Custom processor traits
Apart from the provided Processor
and Transformer
traits, you can define your own custom traits that extend Processor
to match your specific use cases. This allows you to encapsulate common data transformation patterns or reusable logic into custom traits, making your code even more modular and maintainable.
For example, if your organization regularily needs to join data from two different datasets, you could create a JoinTransformer
trait, such as:
import com.amadeus.dataio.{HandlerAccessor, Transformer}
import org.apache.spark.sql.{DataFrame, SparkSession}
trait JoinTransformer() extends Processor {
override def run(handlers: HandlerAccessor)(implicit spark: SparkSession): Unit = {
if (handlers.input.getAll.size < 2) throw new Exception("Can not run a JoinTransformer without two inputs configurations.")

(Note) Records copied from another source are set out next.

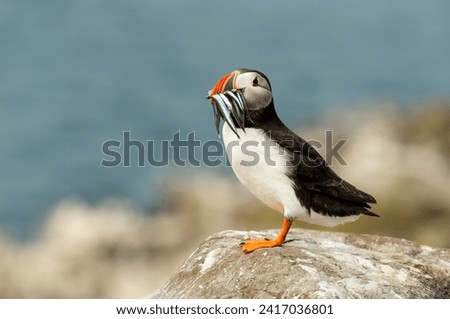 Puffin, atlantic puffin, Scientific name: Fratercula arctica.  Close up of a cute puffin, perched on a rock off the coast of Northumbria, England with a beak full of sand eels.  Space for copy. Royalty-Free Stock Photo #2417036801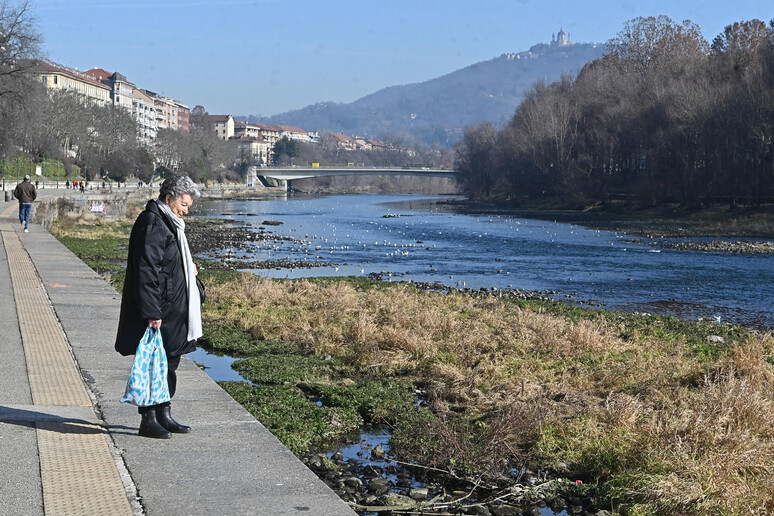 - RIPRODUZIONE RISERVATA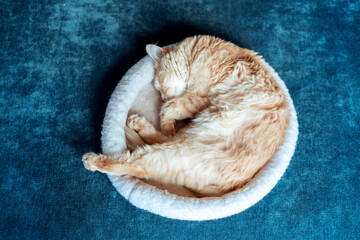 A ginger kitten lying in his soft cozy bed on a blue sofa. 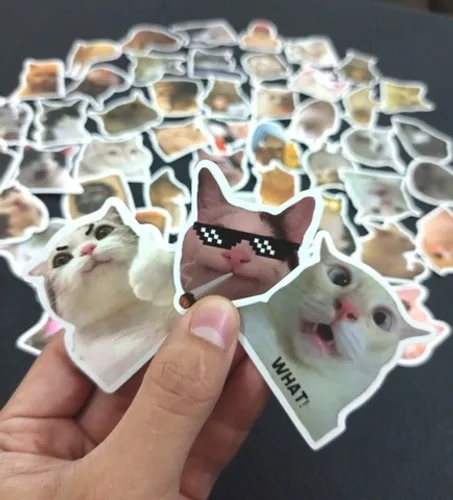 Kit 10 Adesivos de Gatinhos - Memes Gatos Cat Zoeira Humor Pacote Pack - NerdDog Store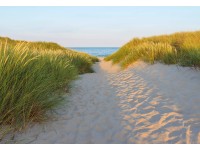 Komar Papierová fototapeta Sandy Path 368 x 254 cm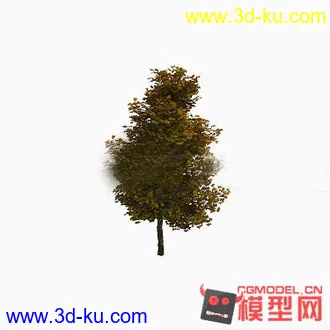 3D打印模型又是一颗好树的图片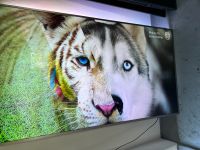 Philips 75Zoll 4K Smart TV mit defekt .Display ok Niedersachsen - Burgdorf Vorschau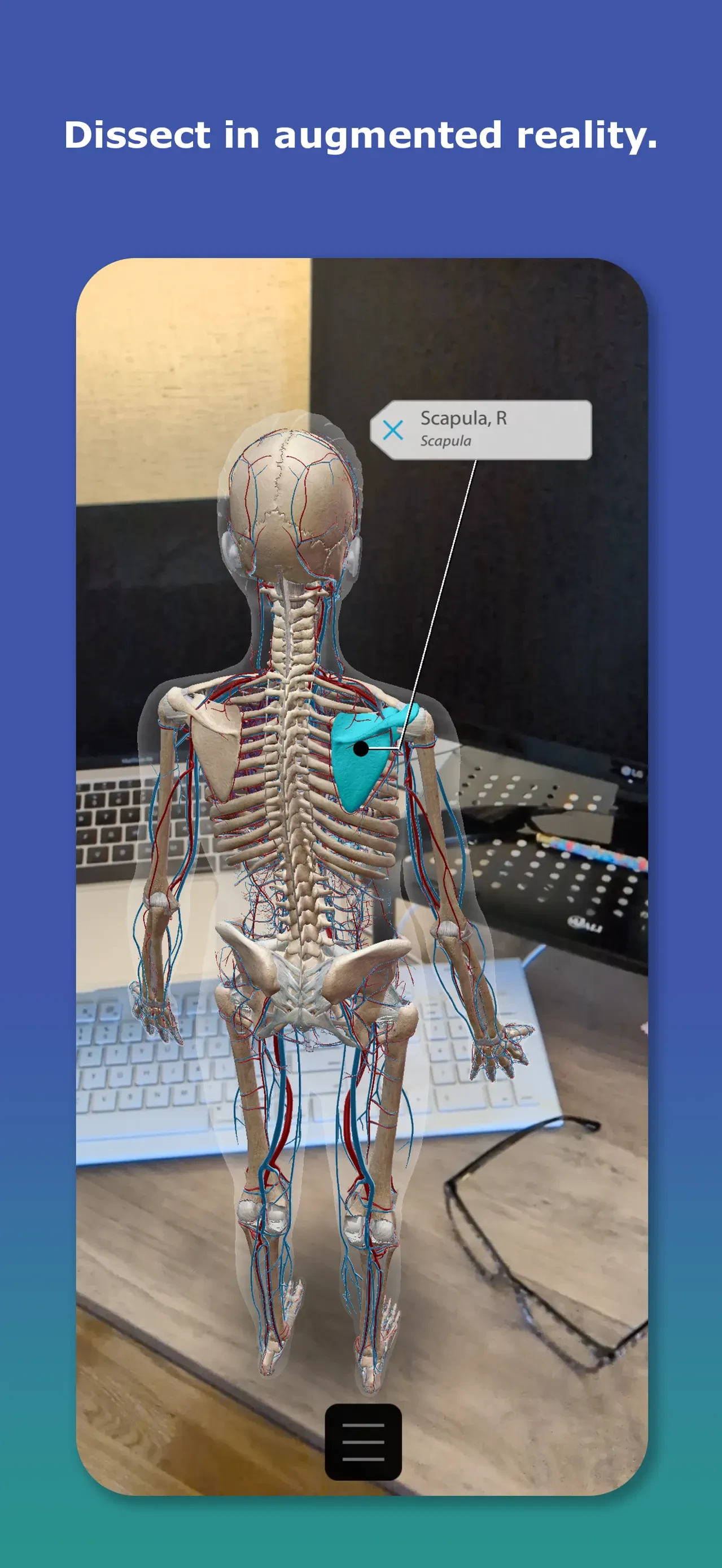 Human Anatomy Atlas 2026 app store screenshot 5 — Medical (iOS)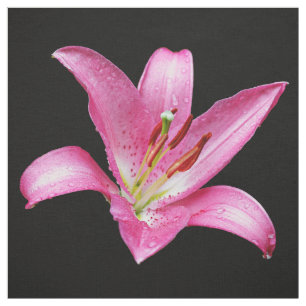 Elegant Pink Oriental Lily Lilium Stargazer Flower Fabric
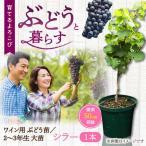 ワイン用ブドウ苗 シラー シラーズ 6号鉢入り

if (handlers.output.getAll.isEmpty) throw new Exception("Can not run a JoinTransformer without an output configuration.")

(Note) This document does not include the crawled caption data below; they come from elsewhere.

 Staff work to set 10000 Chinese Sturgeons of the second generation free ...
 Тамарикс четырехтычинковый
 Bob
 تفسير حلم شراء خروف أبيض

val inputData1 = handlers.input.getAll.head
val inputData2 = handlers.input.getAll(1)
val transformedData = featurize(inputdata1, inputData2)
handlers.output.getAll.head.write(transformedData)
}
type T
def featurize(inputData1: DataFrame, inputData2: DataFrame)(implicit spark: SparkSession): Dataset[T]
}
Since the trait extends Processor
, it is compatible with Data I/O and can be used in the configuration file.